BTS kembali hadir dengan album terbaru mereka yang mengundang perhatian besar dari penggemar dan industri musik. Album kelima yang berjudul “Arirang” dirilis pada Jumat lalu dan langsung mencatatkan pencapaian spektakuler. Dalam tiga hari pertama, penjualan album ini telah melebihi 4 juta kopi, serta menduduki posisi pertama di tangga album mingguan Hanteo.
Pencapaian ini melampaui rekor sebelumnya dari album Map of the Soul: 7 yang terjual sebanyak 3,37 juta kopi dalam pekan pertama. Hal ini menunjukkan bahwa kekuatan fandom Army masih menjadi faktor utama dalam kesuksesan BTS.
Selain penjualan fisik, album digital “Arirang” juga menunjukkan performa yang sangat kuat. Lagu utama “Swim” berhasil menduduki puncak tangga lagu global di Spotify selama tiga hari berturut-turut. Sementara itu, lagu “Body to Body” tetap berada di posisi kedua dalam periode yang sama. Secara keseluruhan, delapan lagu dari album ini berhasil masuk ke dalam 10 besar chart global.

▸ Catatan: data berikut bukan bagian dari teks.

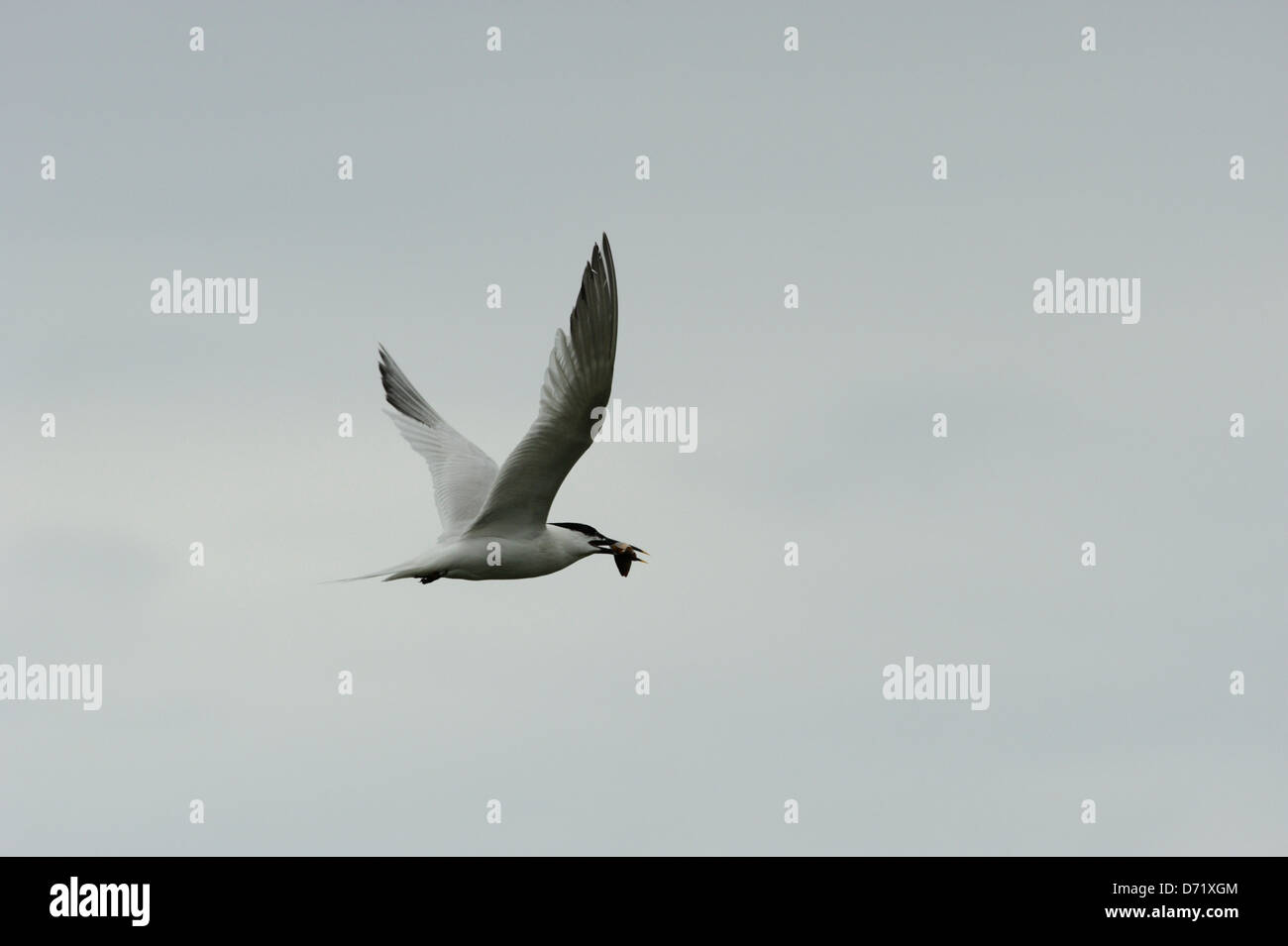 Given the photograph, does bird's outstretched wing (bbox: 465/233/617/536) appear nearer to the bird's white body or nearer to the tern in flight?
Answer: the tern in flight

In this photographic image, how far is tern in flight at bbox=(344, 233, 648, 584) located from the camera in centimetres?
1798

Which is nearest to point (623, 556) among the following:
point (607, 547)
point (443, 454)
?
point (607, 547)

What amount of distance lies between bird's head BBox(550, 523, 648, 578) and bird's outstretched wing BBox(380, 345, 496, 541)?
1.33 meters

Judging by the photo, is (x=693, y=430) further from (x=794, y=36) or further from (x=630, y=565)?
(x=794, y=36)

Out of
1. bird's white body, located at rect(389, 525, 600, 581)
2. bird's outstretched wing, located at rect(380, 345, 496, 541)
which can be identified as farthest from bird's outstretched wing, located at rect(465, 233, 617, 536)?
bird's outstretched wing, located at rect(380, 345, 496, 541)

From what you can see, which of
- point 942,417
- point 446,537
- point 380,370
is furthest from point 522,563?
point 942,417

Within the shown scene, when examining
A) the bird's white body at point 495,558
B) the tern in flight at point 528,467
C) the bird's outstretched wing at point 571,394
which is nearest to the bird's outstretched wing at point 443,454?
the tern in flight at point 528,467

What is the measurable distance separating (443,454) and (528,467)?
398 cm

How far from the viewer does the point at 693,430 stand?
21594 millimetres

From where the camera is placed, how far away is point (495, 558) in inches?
788

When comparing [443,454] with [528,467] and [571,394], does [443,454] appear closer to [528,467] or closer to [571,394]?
[528,467]

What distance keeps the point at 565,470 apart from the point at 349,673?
5.03m

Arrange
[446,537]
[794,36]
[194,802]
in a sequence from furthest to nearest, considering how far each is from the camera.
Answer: [794,36] < [194,802] < [446,537]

Di platform Apple Music, album ini mencatat rekor baru. “Arirang” menjadi album K-pop dengan jumlah streaming terbanyak secara global di hari pertama perilisannya. Comeback ini menjadi momen penting karena merupakan rilisan grup lengkap pertama BTS dalam tiga tahun terakhir. Selama masa hiatus, para member menjalani wajib militer dan fokus pada proyek individu.
Industri K-pop sendiri mengalami perubahan signifikan selama periode tersebut. Munculnya idol generasi keempat dan kelima membuat persaingan semakin ketat, namun tanpa kehadiran dominasi kuat dari satu grup utama. Kondisi ini turut berdampak pada penurunan penjualan album secara keseluruhan. Data dari Korea Pop Music Industry Association menunjukkan penjualan album tahunan turun dari 115 juta kopi pada 2023 menjadi 86 juta kopi pada 2025.
Pengamat budaya, Kim Sung-soo, menilai kembalinya BTS berpotensi menjadi titik balik bagi industri K-pop yang sedang melambat. Menurutnya, BTS diperkirakan akan memainkan peran penting dalam menghidupkan kembali pasar di tengah pertumbuhan yang melambat. Dia juga melihat kondisi industri saat ini masih kekurangan grup yang benar-benar dominan. Menurutnya, situasi ini membuat kehadiran BTS berpotensi memberi dampak luas bagi seluruh ekosistem K-pop.
“Di saat pasar kekurangan idola dominan, comeback BTS kemungkinan akan menciptakan efek berantai di seluruh industri K-pop,” ujarnya.
Selain BTS, grup Blackpink juga turut memberi dampak positif bagi pasar. Album mereka berjudul Deadline mencatat penjualan lebih dari 1,77 juta kopi pada minggu pertama. Kim menyebut BTS dan Blackpink akan menjadi pilar utama industri K-pop tahun ini. Dia melihat keduanya tetap mampu menunjukkan performa kuat meski sempat vakum cukup lama.
“Baik BTS maupun Blackpink menunjukkan hasil solid meski sempat hiatus panjang,” katanya. Dia juga menambahkan kontribusi BTS dan Blackpink akan memberi dampak besar terhadap pergerakan pasar album tahun ini, sehingga berpotensi mendorong arah baru bagi industri K-pop.
“Keduanya diperkirakan akan menjadi penopang pasar album tahun ini dan mendorong pertumbuhan industri K-pop ke arah yang berbeda.” tambahnya.